Grants and residencies

Research and art

Performance artist and doctoral researcher Rosa Ribeiro Camila

35000 €

Future-memory fractals: toward a decolonial understanding of temporality and childhood

Tieteellinen tutkimus ja taiteellinen työ / niihin pohjautuva työ | Yksivuotinen

This PhD study investigates the notion of 'future' from theoretical and experiential domains, refusing the assumption that it is a self-evident conception. Even though childhood is entwined with futurity, we only scantly see educational sciences and childhood studies turning their attention to the conception of future itself. My research contributes to such theorizations, linking concepts of futures with childhoods. The study brings together Black feminism and new-materialist theorizations, contributing to the fields of philosophy of education and childhood studies with new insights on concepts and practices related to describing, conceiving, planning, and implementing ‘future-oriented’ changes for children. Three distinct aspects of futures were studied: a) philosophical, looking into how futures integrate constructions of temporality in modern and postmodern philosophies; b) experiential, exploring memories of moments when the artists-participants sensed that futures were unfolding for them in postcolonial countries; c) aesthetic, understanding futures as compositions imbued with residual pasts, improvised in between the affects permeating daily life. The purpose of this research is threefold: creating a needed stance from which to unsettle progress-driven notion about ‘the future’; devising the pressing understanding that ‘future’ is a conception entangled with colonialist political-symbolic infrastructures; and creating actions promoting decolonial imaginaries of futures in educational practices.

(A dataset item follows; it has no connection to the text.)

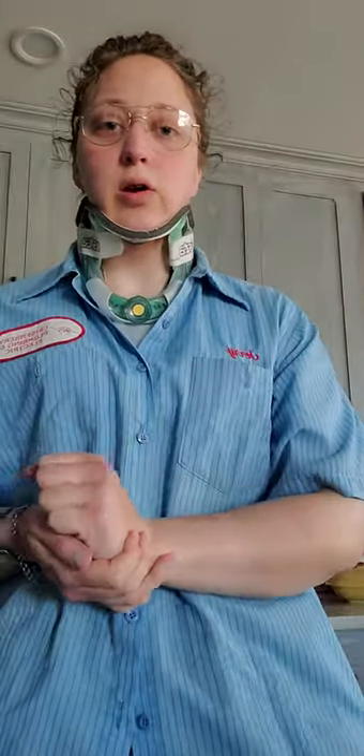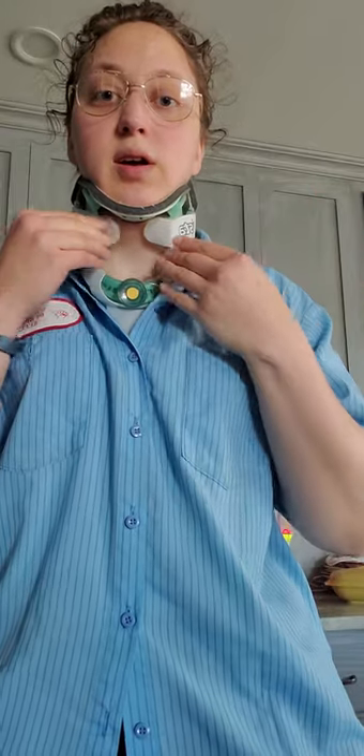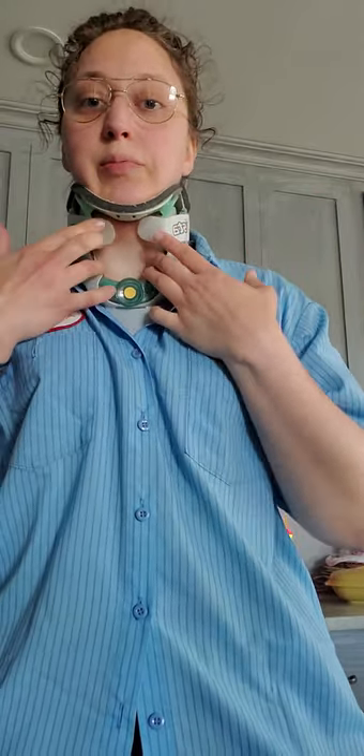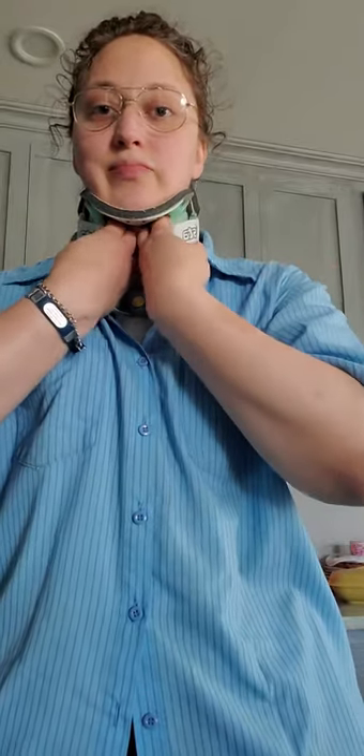I wanted to make a video sharing some tips for people who do a lot of bracing. I've been doing this with my neck brace for years. Most people have extra strap at the front of their brace — for me it's extremely annoying, I don't like the look of it. I see a lot of people just tuck them around, but it doesn't stay.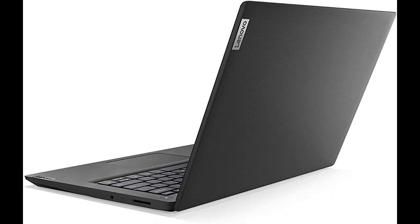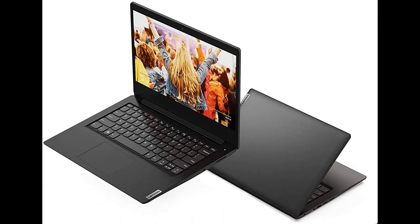2021 Flagship Lenovo Ideapad 3 Laptop Overview Summary. Engineered for long-lasting performance, the Lenovo Ideapad 3 delivers powerful performance in a laptop that's perfect for your everyday tasks, with features that you can depend on.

The monograph will include a fortune-telling deck of cards, created from the analysis of the participants' written memory stories. The fortune-telling system entwines theoretical and artistic dimensions of the study, and it does not aim to predict the future. Instead, it offers an occasion for the readers to engage with futures as improvised practices of remembering and living together with non-humans and humans in an ecologically fragile world.